The Rich Are Sucking the Marrow From Your Bones in This Good, Normal Economy
The Department of Labor announced its latest employment figures today: More jobs were added and unemployment is lower, but wages only increased by 0.2%, or a 2.7% increase over last year. That’s lower than the 3.5% wage growth economists say should be expected from such strong growth, according to NPR. CNBC described today’s wage growth figure as “frustratingly low.” People who do not, for example, have yachts or a “finance guy” probably already knew this: The jobs are out there, but they’re just not paying enough. What is going on at the top? Two stories from this week offer insight: Rich people love money, always need more of it, and don’t want to share it with you.
Axios reported this morning that the health care industry will make “massive” profits in the second quarter of 2018, more than any quarter of the past 12 months. How did they achieve this impressive feat of capitalist glory? Axios attributes it to two things: the Republican tax bill, which cut the income tax costs of one company by 93% last quarter, and the “growing sales of prescription drugs, medical devices, tests and procedures—that reflects both higher prices and more quantities sold.” Pfizer, one of the biggest drug manufacturers in the U.S., has raised prices on its drugs twice just in 2018; Medicare drug prices have risen at 10 times the rate of inflation in the past five years. Bloomberg reported last month that “255 brand drugs had increases between Feb. 1 and July 15″ of this year, per data from GoodRx, a drug pricing site.
And pharmacy benefit managers (PBMs), the companies that administer prescription drug plans on behalf of insurers, are reaping an extra layer of profits off of already-expensive drugs. A report, also highlighted this week by Axios, from the pharmaceutical research firm 46Brooklyn showed some states are paying PBMs hundreds of dollars more per pill for the cancer drug Gleevac than it actually costs. Indiana pays its PBMs $300 per pill for an $84 drug.

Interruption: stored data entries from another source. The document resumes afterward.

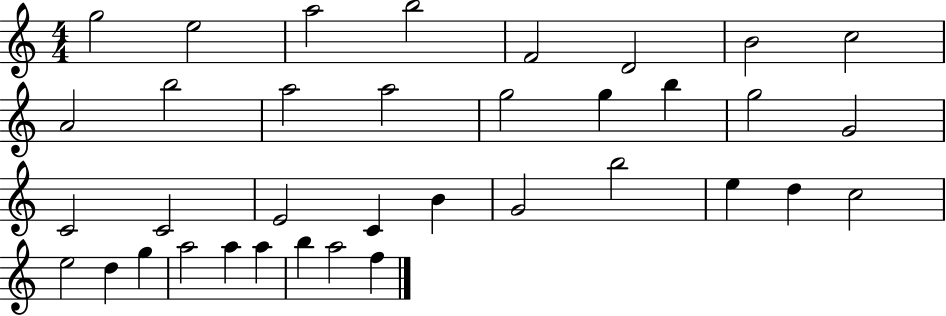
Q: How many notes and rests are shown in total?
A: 36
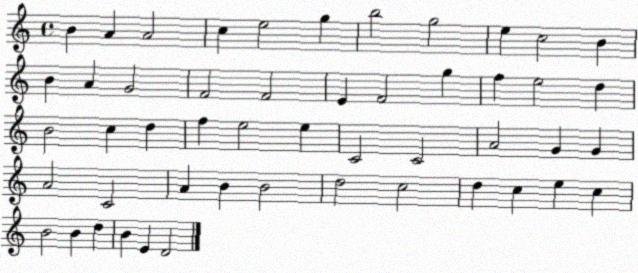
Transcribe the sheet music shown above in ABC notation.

X:1
T:Untitled
M:4/4
L:1/4
K:C
B A A2 c e2 g b2 g2 e c2 B B A G2 F2 F2 E F2 g f e2 d B2 c d f e2 e C2 C2 A2 G G A2 C2 A B B2 d2 c2 d c e c B2 B d B E D2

Where do those profits go? To middlemen. They don’t go to improved care or wider access; they go to lining a rich guy’s pocket.

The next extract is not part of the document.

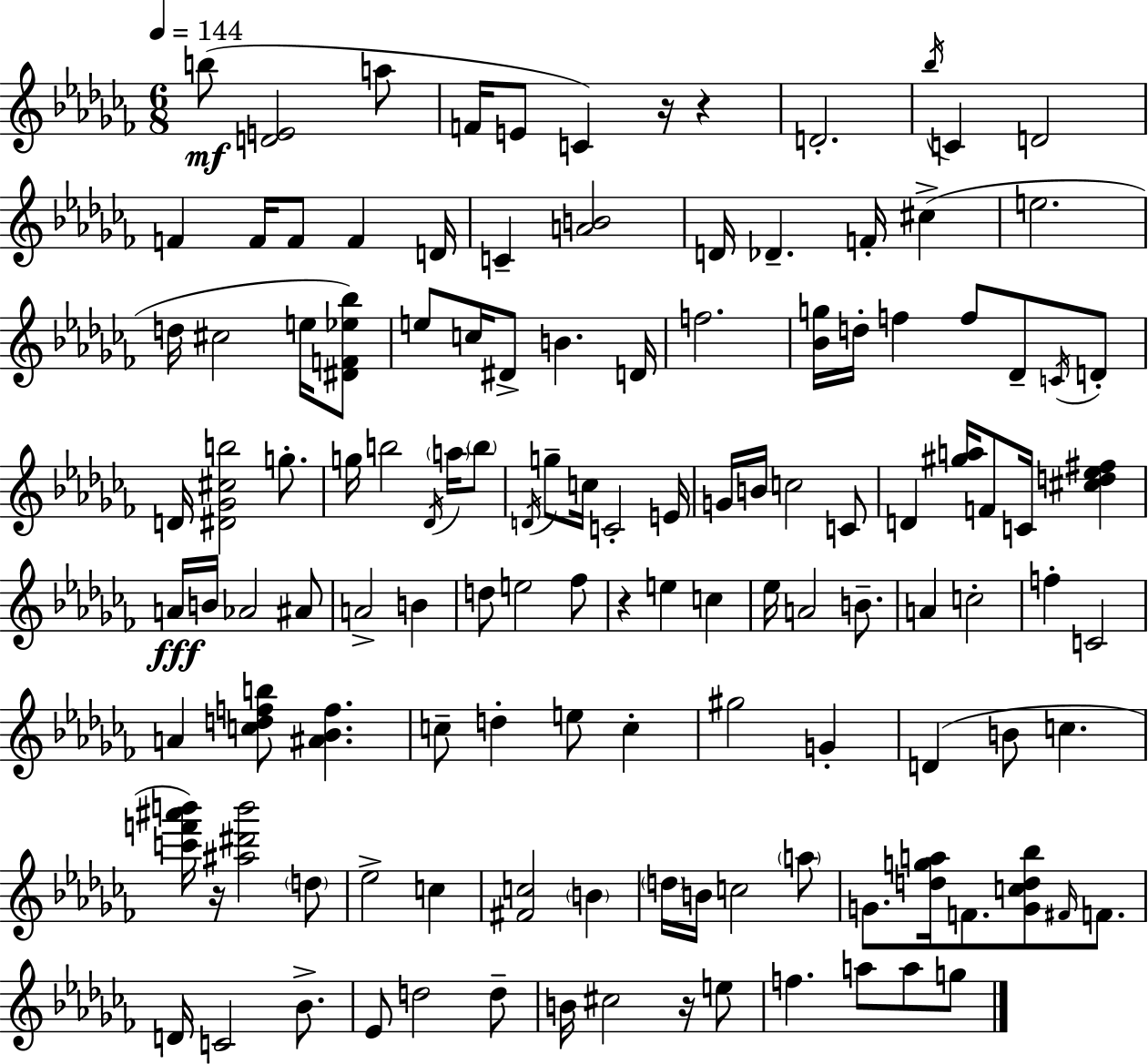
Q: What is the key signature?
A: AES minor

Meanwhile, 45% of diabetes patients report going without insulin due to the cost—which comes as no surprise as the drug increased 353% in price between 2001 and 2016, according to WebMD’s Health News.

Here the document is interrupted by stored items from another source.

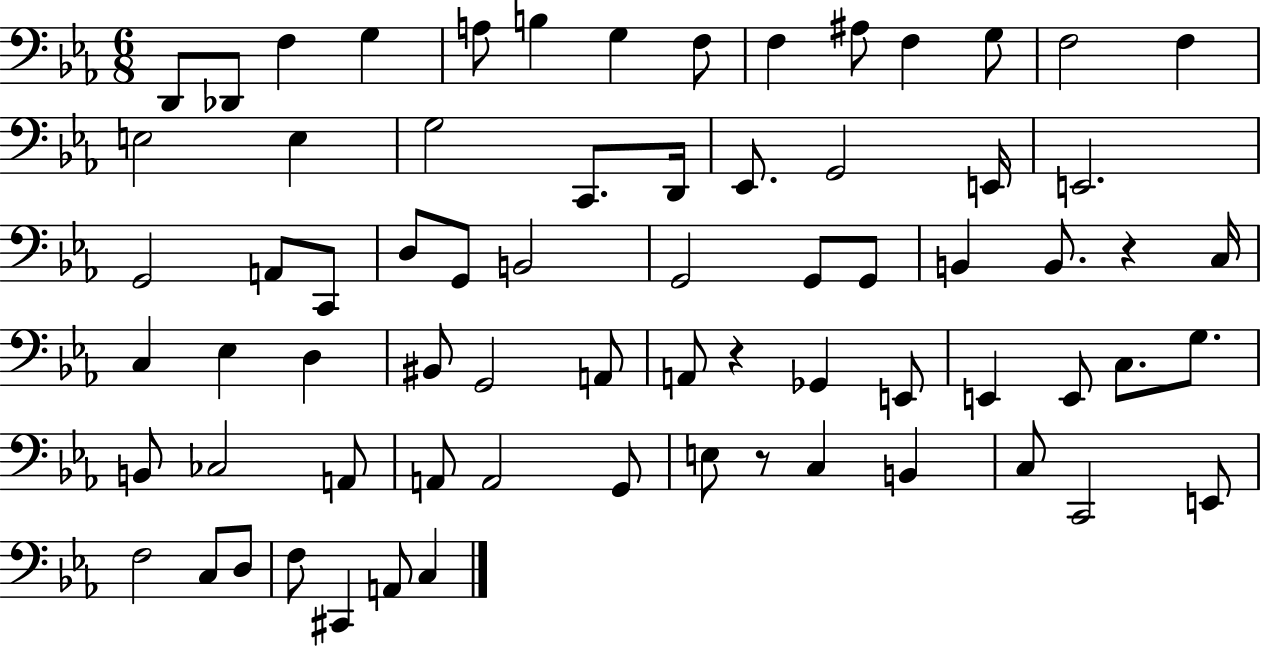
X:1
T:Untitled
M:6/8
L:1/4
K:Eb
D,,/2 _D,,/2 F, G, A,/2 B, G, F,/2 F, ^A,/2 F, G,/2 F,2 F, E,2 E, G,2 C,,/2 D,,/4 _E,,/2 G,,2 E,,/4 E,,2 G,,2 A,,/2 C,,/2 D,/2 G,,/2 B,,2 G,,2 G,,/2 G,,/2 B,, B,,/2 z C,/4 C, _E, D, ^B,,/2 G,,2 A,,/2 A,,/2 z _G,, E,,/2 E,, E,,/2 C,/2 G,/2 B,,/2 _C,2 A,,/2 A,,/2 A,,2 G,,/2 E,/2 z/2 C, B,, C,/2 C,,2 E,,/2 F,2 C,/2 D,/2 F,/2 ^C,, A,,/2 C,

But health industry profits are not the only evidence of how the rich are profiting. Yesterday, Apple announced that it had become the first company valued at $1 trillion. As the New York Times noted, a 2017 study by economists at University College London showed that “the difference between how much it costs American companies to make their products and how much they sell those products for” is higher now than it’s been “since at least 1950.” The Times described this as “a metric of the power that companies possess in their markets,” but it’s also indicative of something much more simple: How much profit companies are making. As industries consolidate, with huge players like Apple and Google in tech or AT&T and Comcast in communications dominating their fields, competition decreases and profits increase. It’s a lot easier to sell someone shitty cable service that costs too much when they only have a couple of options, or even only one.
Apple has so much money that it is currently sitting on $267 billion in cash reserves. $267 billion, just sitting there. Meanwhile, 40% of American families can’t cover the expense of a $400 emergency. These realities are inextricably related.
Does this seem fair or sustainable? No, it isn’t. But who has the time or money to try and do anything about it; everyone’s working all day to buy their fucking insulin.